Kurrajong Re-enactment committee granted Anzac Centenary funds says Joyce

16 Jan 2015

 

 

FEDERAL Member for New England, Barnaby Joyce has congratulated the Kurrajong Re-enactment Committee on its success in receiving a grant of $10,853 from the Anzac Centenary Local Grants Program.

 

Mr Joyce said the Kurrajongs, a group of 114 men from Inverell who left their homes, friends and family on January 12, 1916 to fight in France have been acknowledged as the single largest body of volunteers from a country centre.

 

“More and more Australians now look to a forebear who served in the military in either WWI or WW2 or any of the other conflicts the country had been involved with,” he said.

 

“The connection to this event is becoming more pronounced rather than less.

 

“It has a deep commemorative and in some instances almost spiritual connection for so many people as a reflection of whom they are.”

 

Most of the Kurrajongs ended up in the famed 33 Battalion, also known as New England’s Own, who fought with distinction at the battle of Messines and right through to the battle of Villers?Bretonneux in April 1918 where the advancing tide of the German counter-offensive was halted.

 

Committee president, Kim Blomfield said the news of the grant was “amazing” and along with a similar-sized contribution from the Inverell RSL-RSM, the 10-day celebration to be called Kurrajong Week will be held from January 8 to 17 next year.

 

She said the core of the organising committee included only nine members – of which six were direct descendants of those who enlisted as Kurrajongs.

 

In fact Mrs Blomfield’s great-uncle, Alan Mather, who enlisted aged 36 and who was killed on the Western front was one of the last men to be identified by DNA. Private Mather was re-interred with full military honours at the Prowse Point Commonwealth War Graves Commission Cemetery in Ploegsteert, Belgium in July 2010.

 

Mrs Blomfield said when archaeologists unearthed Private Mather’s remains, all his kit was intact and his fingers were still wrapped around his service rifle.

 

“His pack and his possessions were never pilfered, so his discovery was important for the historians,” she said.

 

The first contingent of 114 Kurrajongs took a train to Narrabri and then ended up in Armidale where the 33rd Battalion was formed and received its initial training before embarking on the SS Marathon in May 1916 for the voyage to the UK and further training at Lark Hill.

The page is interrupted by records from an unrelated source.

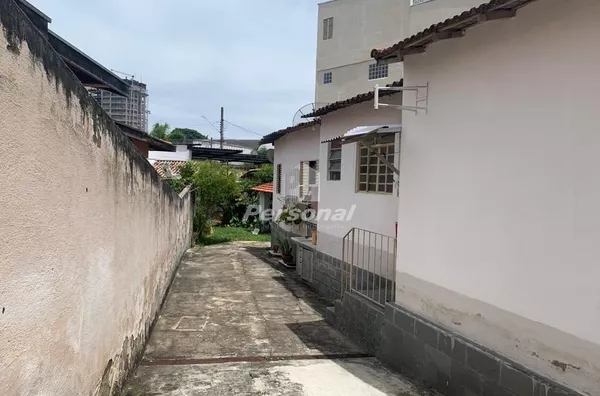 Casa com 3 dormitórios à venda por R$ 850.000,00 - Centro - Taubaté/SP - Foto 5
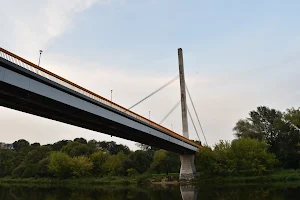 Vingio parko tiltas image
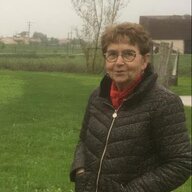 Yolande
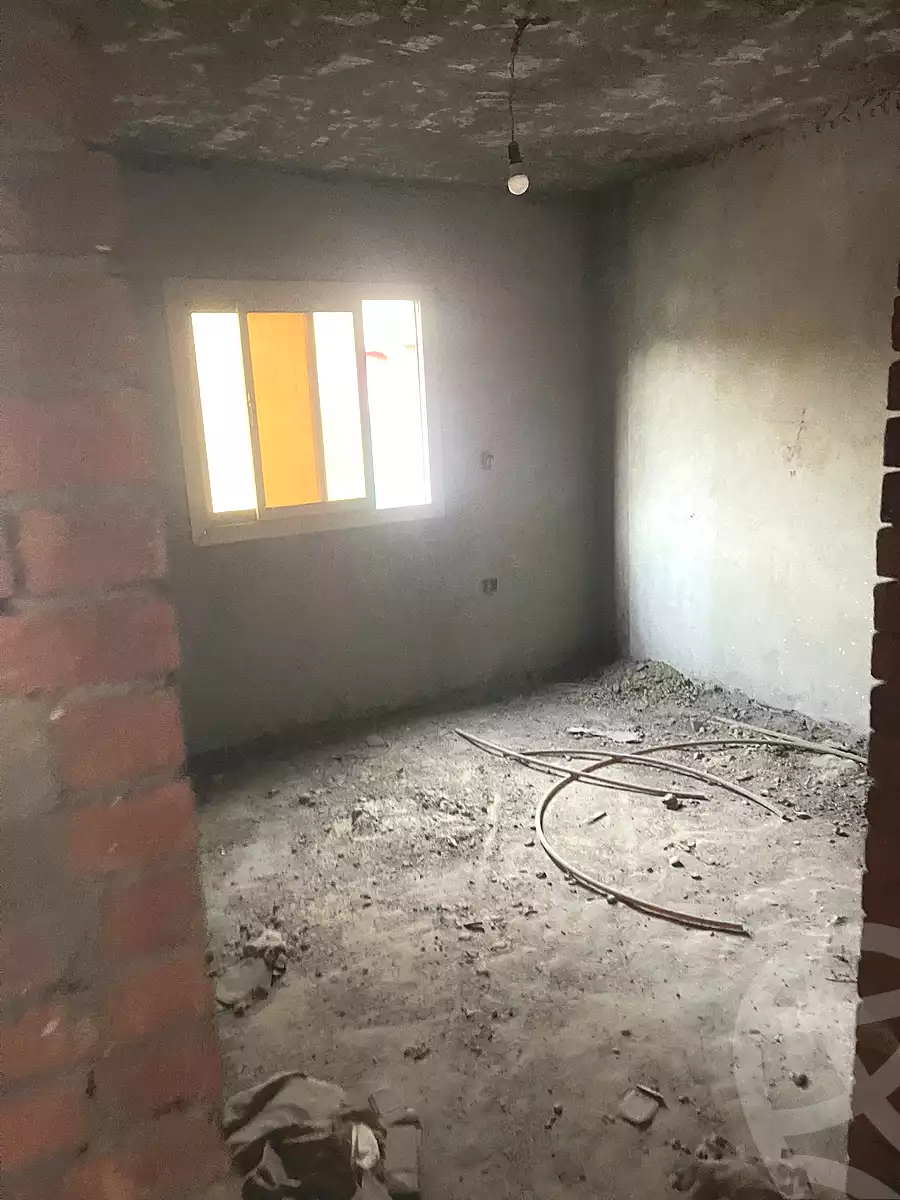 https://aqarmap.com.eg/en/listing/6677099-for-sale-cairo-downtown-bab-el-sheareya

The troops were then transferred to the Western Front in later November that year, enduring a terrible winter before their first major action at the Battle of Messines in July 1917.

 

More information on the Kurrajongs can be found at www.inverellremembers.org.au

 

The Anzac Centenary Local Grants Program is available to each Federal Member of Parliament to support projects in their electorate commemorating the First World War.